■ **Task brief**
Reproduce the line that holds "Printed paper cut" together with all the lines after it up to the end of the entries.

■ **Material for the task**

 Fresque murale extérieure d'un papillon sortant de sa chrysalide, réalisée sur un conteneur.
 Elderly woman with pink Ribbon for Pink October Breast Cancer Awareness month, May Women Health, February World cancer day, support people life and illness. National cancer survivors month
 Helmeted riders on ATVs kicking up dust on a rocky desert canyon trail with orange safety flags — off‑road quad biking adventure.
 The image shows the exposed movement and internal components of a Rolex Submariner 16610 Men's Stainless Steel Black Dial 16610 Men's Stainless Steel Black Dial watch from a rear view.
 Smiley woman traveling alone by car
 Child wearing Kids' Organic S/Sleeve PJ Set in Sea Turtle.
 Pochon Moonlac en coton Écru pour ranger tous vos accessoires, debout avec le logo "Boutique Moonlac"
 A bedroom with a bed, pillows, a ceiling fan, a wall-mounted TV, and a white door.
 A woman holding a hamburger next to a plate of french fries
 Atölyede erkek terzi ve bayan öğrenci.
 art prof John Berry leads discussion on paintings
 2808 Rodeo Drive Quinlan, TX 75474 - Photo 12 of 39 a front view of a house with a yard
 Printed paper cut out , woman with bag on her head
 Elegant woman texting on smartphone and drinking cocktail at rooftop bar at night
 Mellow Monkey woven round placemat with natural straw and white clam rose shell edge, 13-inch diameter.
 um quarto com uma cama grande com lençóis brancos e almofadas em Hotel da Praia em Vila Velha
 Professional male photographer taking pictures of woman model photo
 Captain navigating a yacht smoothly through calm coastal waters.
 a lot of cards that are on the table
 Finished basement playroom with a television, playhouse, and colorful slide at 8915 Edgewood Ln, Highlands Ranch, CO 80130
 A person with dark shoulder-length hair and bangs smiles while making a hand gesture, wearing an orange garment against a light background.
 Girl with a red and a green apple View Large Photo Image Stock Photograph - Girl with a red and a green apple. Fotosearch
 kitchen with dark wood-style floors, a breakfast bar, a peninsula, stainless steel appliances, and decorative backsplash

■ **Task solution**
 Printed paper cut out , woman with bag on her head
 Elegant woman texting on smartphone and drinking cocktail at rooftop bar at night
 Mellow Monkey woven round placemat with natural straw and white clam rose shell edge, 13-inch diameter.
 um quarto com uma cama grande com lençóis brancos e almofadas em Hotel da Praia em Vila Velha
 Professional male photographer taking pictures of woman model photo
 Captain navigating a yacht smoothly through calm coastal waters.
 a lot of cards that are on the table
 Finished basement playroom with a television, playhouse, and colorful slide at 8915 Edgewood Ln, Highlands Ranch, CO 80130
 A person with dark shoulder-length hair and bangs smiles while making a hand gesture, wearing an orange garment against a light background.
 Girl with a red and a green apple View Large Photo Image Stock Photograph - Girl with a red and a green apple. Fotosearch
 kitchen with dark wood-style floors, a breakfast bar, a peninsula, stainless steel appliances, and decorative backsplash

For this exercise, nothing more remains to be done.